Now Delta has come up with a god-awful idea to restore peace to the skies: The company wants a federally enforced “no-fly list” for unruly passengers, and it’s pleading its case far and wide. After floating the idea with the FAA last fall, CEO Ed Bastian requested earlier this month that the Justice Department take concrete steps to implement the plan and further detailed his argument in an op-ed for The Washington Post. While individual airlines can and do keep their own internal list of banned problem fliers, such people are still free to book tickets on a competing carrier—a loophole Bastian characterizes as a dangerous security flaw that puts others at serious risk.

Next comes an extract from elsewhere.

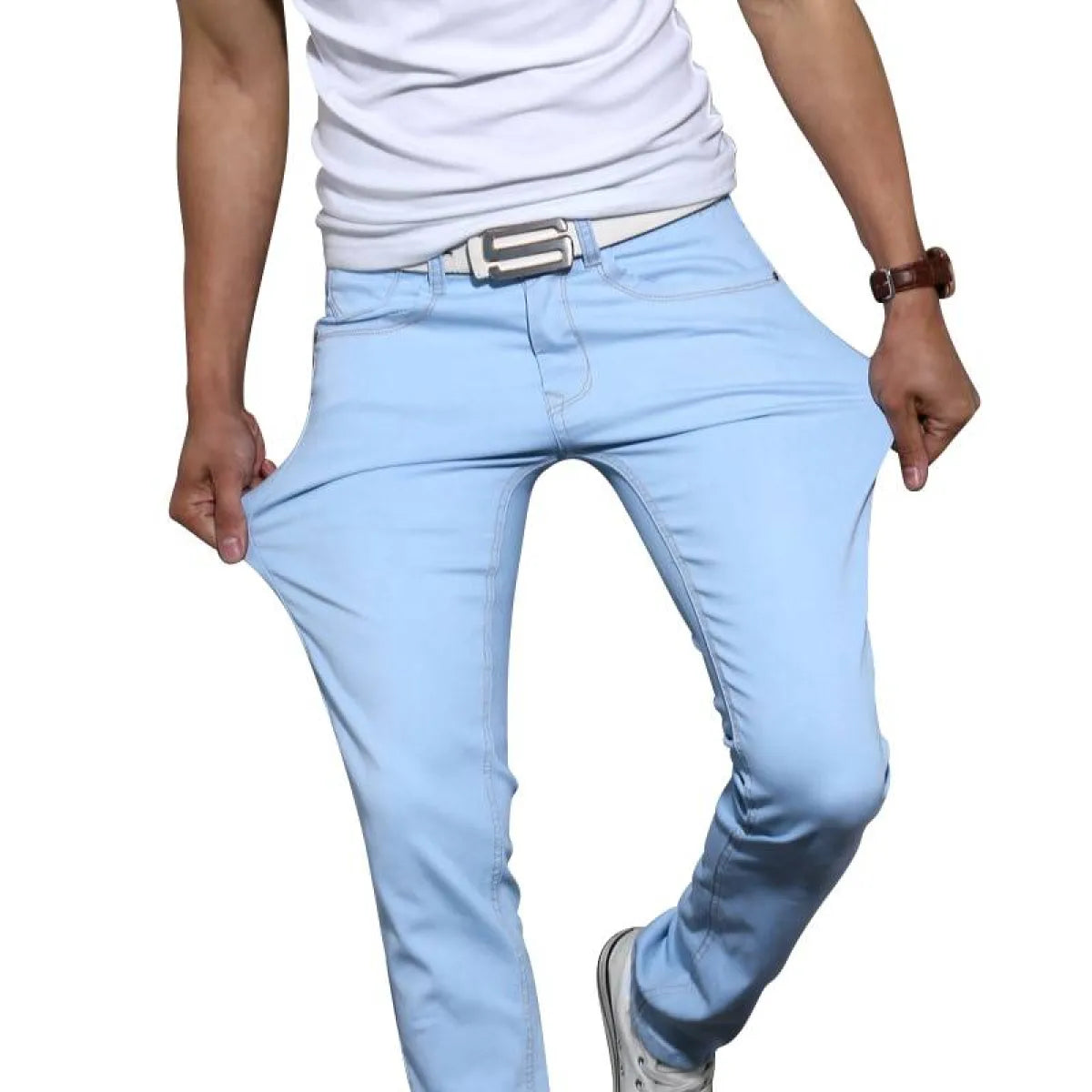 Men's Casual Stretchy Pants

“Holding individuals accountable for criminal behavior shouldn’t be a controversial or partisan issue,” he wrote. “A national no-fly list, maintained with the full authority of the federal government, would be an effective tool to help ensure that, as our nation returns to the skies, the worst offenders are grounded.” The Association of Flight Attendants has more or less echoed the call, as have multiple news outlets. Secretary of Transportation Pete Buttigieg has signaled openness to the idea; a whopping 93 percent of respondents in one poll agreed.
They’re wrong. A centralized, federal no-fly list—even for egregious and criminal misbehavior in flight—is a terrible idea. There’s no persuasive evidence it would do anything to help, and it poses the same serious due process concerns that have dogged the anti-terrorism measure Bastian and his allies are implicitly validating by retrofitting it to commercial aviation. From the very bottom of my heart, I am begging people: Stop trying to reappropriate “war on terror” ideas in the quixotic hope that they might serve some just end or create a good outcome. You can’t, they don’t, and they never will.
That so many people find Bastian’s plea compelling is understandable: The episodes his proposal is reacting to are appalling. In 2021 alone, nearly 6,000 “unruly passenger reports” were logged by the FAA, around 70 percent of which related to mask regulations, and 350 of them triggered enforcement action. As anyone who’s watched iPhone camera footage of underpaid flight attendants calmly explaining basic public health protocol to belligerent anti-mask extremists can attest, no worker deserves this crap—but around 85 percent of flight attendants last year reported dealing with such customers, and 17 percent report altercations involving physical assault.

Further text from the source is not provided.